Véritable contre-histoire de la naissance d'une nation aux mains souillées par le sang, La porte du paradis est une valse à mille temps autant qu'une fresque tragiquement sublime. Une valse, car le leitmotiv sans cesse renversé de la danse transperce cette œuvre, du bal de fin d'année de Harvard à cette boucherie finale tourbillonnante, et s'invite jusque dans le hall d'une petite ville, le Heaven's gate, où les immigrants s'adonnent à de joyeuses farandoles patinées. Cimino file la métaphore du cercle tout au long du film autant pour souligner l'inépuisable circularité d'une condition humaine incapable de s'élever que pour donner à voir des communautés, qui, tant bien que mal, tentent de ne pas se disloquer. Mais là où le cercle apparaissait chez Ford - qui a tant nourri l'imaginaire de Cimino - comme les prémisses d'une refondation de la collectivité, il est ici condamné à n'être que le symbole de la réitération de l'histoire et de la déliquescence d'un pays déjà trop petit pour tout le monde. Verrouillé par les propriétaires terriens, l'accès aux terres devient dès lors impossible pour des immigrants que les autochtones de l'Association des éleveurs de bétail s'empressent de placer sur une liste noire.
En entreprenant une radiographie minutieuse d'une Amérique meurtrie par le Vietnam, Voyage au bout de l'enfer jetait déjà les jalons d'une déconstruction des mythes fondateurs de l'Amérique. La porte du paradis poursuit cette entreprise avec une radicalité salvatrice. L'Amérique n'en a décidément pas fini avec ses démons intérieurs, puisqu'aux affres de l'extermination des Indiens se succèdent - circularité oblige - celles des nouveaux arrivés sur le sol du Nouveau Monde, et en empruntant aux codes du western, Cimino tisse une inextricable parenté entre ceux-ci et ceux-là. L'inexpugnable péché originel se déploie ainsi dans des espaces grandioses, indifférents au sort humain tout comme l'est la nature chez Kalatozov, mais filmés de manière époustouflante par le cinéaste américain. En contrepoint de ce bain de sang où viendront se noyer les illusions les plus tenaces de l'Amérique, il y a donc cette nature sauvage d'une beauté à couper à le souffle, personnage stoïque contemplant les décombres des luttes fratricides.
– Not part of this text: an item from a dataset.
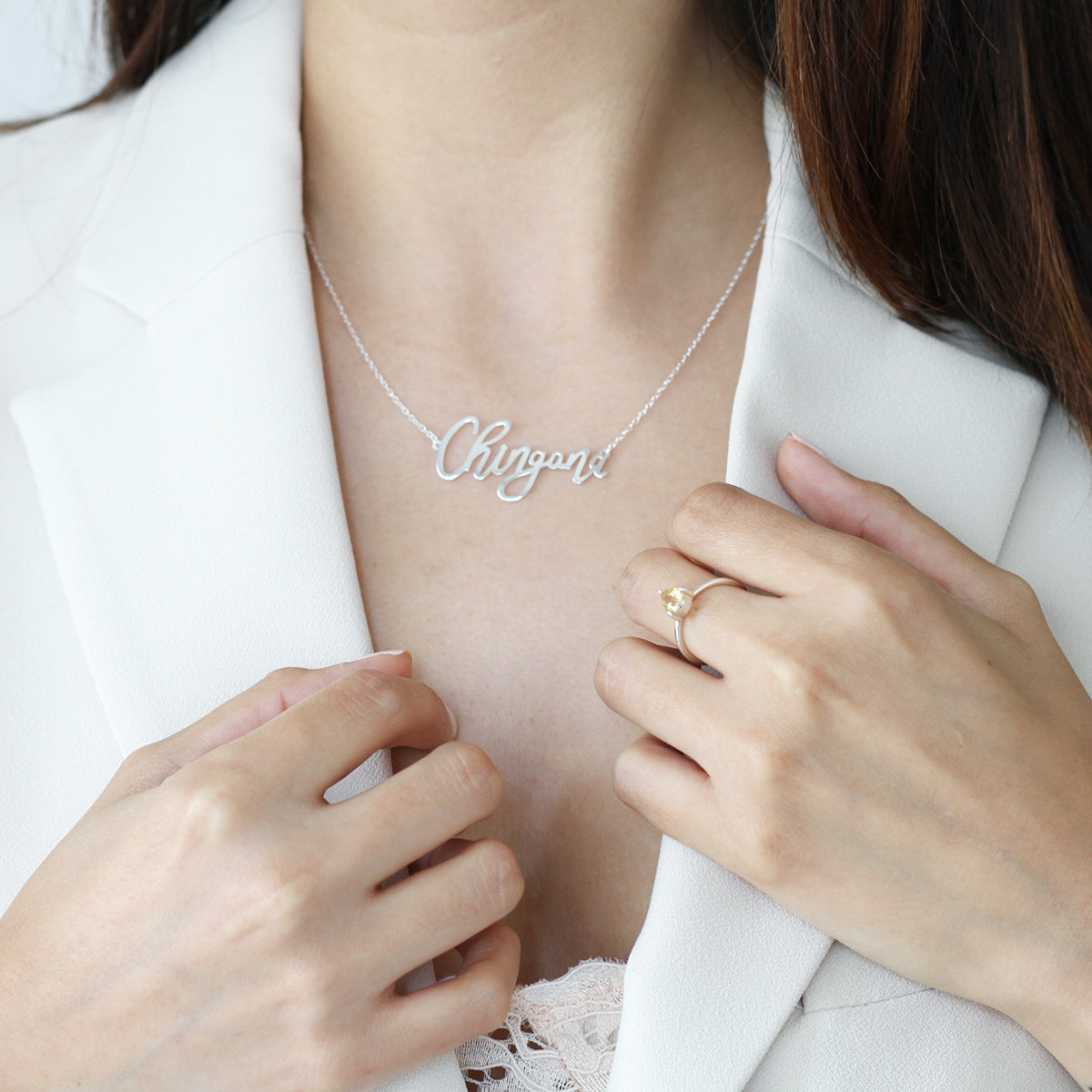 Collar Chingona de plata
Ils auront beau labourer la terre américaine, une irrémédiable séparation entre les émigrés et la wilderness américaine se fait jour dès les débuts du film : dissocié des somptueux paysages du Wyoming par un drap blanc mû par le vent, le premier émigré que nous voyons abattu finit par communier avec le sang de la bête qu'il avait dérobée et dépeçait.
Cimino nous conte non seulement les vicissitudes d'un conflit racial, mais également les traumatismes d'une lutte à mort sociale, et sans manichéisme aucun, propulse sur le devant de la scène des personnages flous, ambivalents moralement, toujours à la lisière de leur classe sociale ; ainsi de Nate, homme de paille des éleveurs de bétail ayant fait fi de ses origines modestes, mais tellement rattrapées par celles-ci que ses intentions n'en sont que plus duales ; ainsi d'Averill, merveilleusement interprété par Kris Kristofferson, incarnation désenchantée d'une Amérique qui a échoué à accomplir sa mission "civilisatrice", naviguant entre les eaux de la nouvelle élite dont il est issu et celles des couches sociales les plus basses dont il veut partager les craintes, et cristallisant d'autant mieux l'échec d'une harmonie sociale jamais retrouvée. Au centre de ces deux personnages qui s'aiment et se haïssent, la belle Ella, prostituée et gérante d'une maison close, de laquelle émane une douce lumière étouffée par les fumées, la poussière, le sable obscurcissant l'atmosphère et conférant aux plans une épaisseur exceptionnelle.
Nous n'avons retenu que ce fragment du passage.